The second policy is related to the first and is with regard to violence. One of the reasons our economy does as well as it does now is that the only agent who is allowed to commit violence is the government. That is not always a great state of affairs but it is limiting. We need to find a way, as Asimov told us many years ago, to ensure the AIs do not engage in violence — meaning the physical seizure and control of physical stuff and life.  In the Age of Ultron, this may seem like a tall order but as a principle it is certainly a good place to start.

The final policy is how to provide a long-lasting ways of the AIs enforcing the other policies amongst themselves. AIs checking AIs is, in fact, our greatest hope and so we need institutions that will allow that. I suspect some form of registration via a distributed ledger might be a good place to start. And perhaps this is the sort of thing that those behind OpenAI will be thinking about.

I realise that I have been somewhat short of details here. There is certainly more to be done to think about how to bring economics into this debate.
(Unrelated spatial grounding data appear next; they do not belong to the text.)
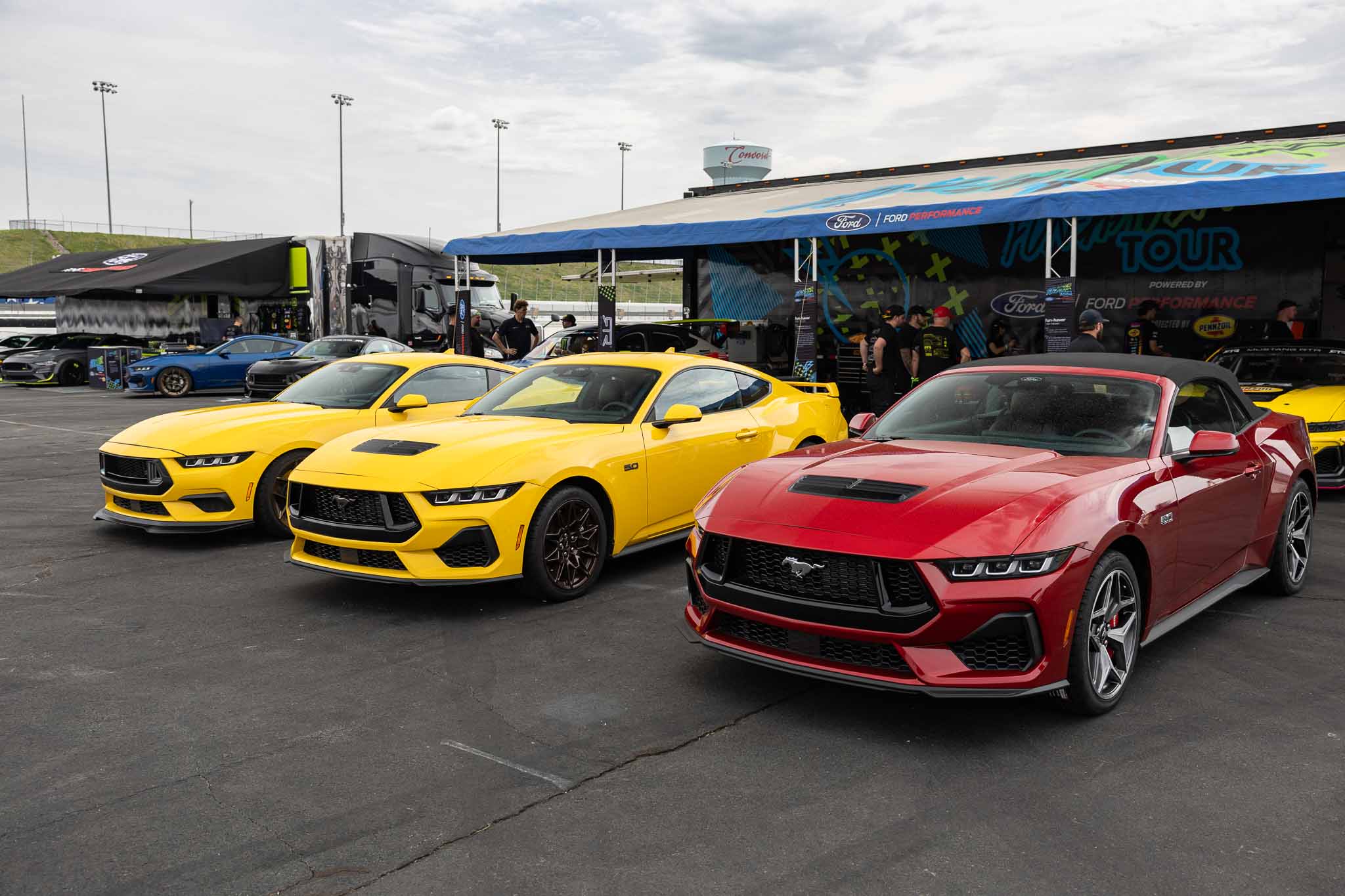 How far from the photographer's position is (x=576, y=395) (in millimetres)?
7023

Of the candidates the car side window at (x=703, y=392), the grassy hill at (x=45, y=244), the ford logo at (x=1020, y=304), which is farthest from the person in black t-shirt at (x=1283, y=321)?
the grassy hill at (x=45, y=244)

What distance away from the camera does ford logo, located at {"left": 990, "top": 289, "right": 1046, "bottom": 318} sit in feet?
53.8

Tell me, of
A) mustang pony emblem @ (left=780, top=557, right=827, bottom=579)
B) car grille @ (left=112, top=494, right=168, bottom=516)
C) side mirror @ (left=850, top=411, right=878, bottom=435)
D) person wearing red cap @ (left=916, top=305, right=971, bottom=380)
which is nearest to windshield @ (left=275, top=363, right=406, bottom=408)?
car grille @ (left=112, top=494, right=168, bottom=516)

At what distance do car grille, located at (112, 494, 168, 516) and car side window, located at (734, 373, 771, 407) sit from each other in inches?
167

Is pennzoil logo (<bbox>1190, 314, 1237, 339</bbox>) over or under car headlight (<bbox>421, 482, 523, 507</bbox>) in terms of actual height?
over

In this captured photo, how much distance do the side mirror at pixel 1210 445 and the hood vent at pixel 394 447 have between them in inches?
155

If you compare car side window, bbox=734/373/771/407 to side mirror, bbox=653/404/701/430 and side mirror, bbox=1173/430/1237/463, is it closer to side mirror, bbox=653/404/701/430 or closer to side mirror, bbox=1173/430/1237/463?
side mirror, bbox=653/404/701/430

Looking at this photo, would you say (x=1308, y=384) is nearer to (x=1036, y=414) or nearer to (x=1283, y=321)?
(x=1283, y=321)

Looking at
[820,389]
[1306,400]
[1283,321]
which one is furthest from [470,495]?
[1283,321]

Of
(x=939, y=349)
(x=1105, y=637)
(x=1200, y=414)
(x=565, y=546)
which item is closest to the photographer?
(x=1105, y=637)

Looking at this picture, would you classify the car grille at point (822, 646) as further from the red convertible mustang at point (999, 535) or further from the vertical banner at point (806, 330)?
the vertical banner at point (806, 330)

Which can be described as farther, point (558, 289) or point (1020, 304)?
point (558, 289)

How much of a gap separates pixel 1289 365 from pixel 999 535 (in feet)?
Answer: 26.4

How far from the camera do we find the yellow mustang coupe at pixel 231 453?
7508 millimetres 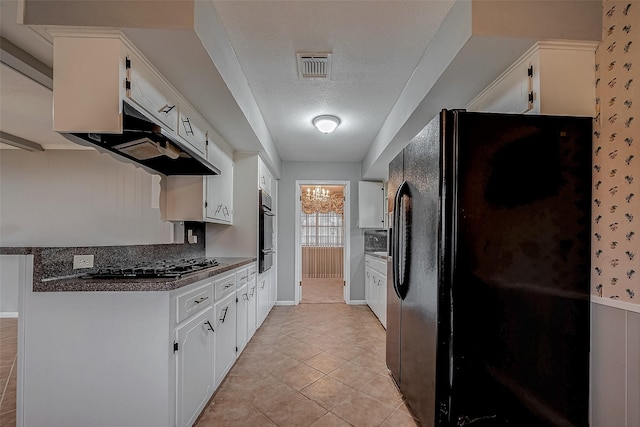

My point here is that what was a weakness of economics is, in fact, a strength here and there exists a body of knowledge that can help move the question of how to deal with superintelligence forward.

8 Replies to “Of Homo Economicus and Superintelligence”

  1. Who says our robot overlords won’t be rent-seeks? Or that their potential rents to the robot “race” won’t exceed the efficiency gains?

  2. I don’t think algorithmically ensuring property rights is any easier than the approach of making AIs “friendly” (that is, making them respect human values). If we dig down deep enough they may require solving the same underlying problems. This shows up in the endless hairsplitting that ensues when libertarians try to define “initiation of force”.

    But even leaving that aside, an AI with an IQ of 6000 could defraud any human of everything they own. If we are just under current fraud laws it would be a piece of cake. If we try to tighten up the fraud laws to keep the ultra-intelligent machines under control we’re back in the same set of unsolved problems.

    Finally, property rights are determined by legislation, and legislation is determined by politics (see copyright, patents, what debts can be cleared in bankruptcy, etc.) AIs with IQs far higher than human could easily get property rights that would wipe us out — even if we had veto power, since we wouldn’t be smart enough to figure out how we are getting screwed.

    And once a human has been deprived of all property, under your scheme they have no protection left. Breaking them up for parts and selling those as part of bankruptcy is entirely rational.

    Bottom line, the only way to prevent our extinction is to make sure the AIs don’t want us to die out.

  3. This seems to kind of miss the point – if we were able to make AI’s respect property rights, ensure that they kept that respect even while modifying their own code, etc. then why not just make them follow a rule like “don’t kill humans”?

    The hard part is encoding values into AI’s. Determining which values we should encode is massively easier, and might just be solved by something like Coherent Extrapolated Volition.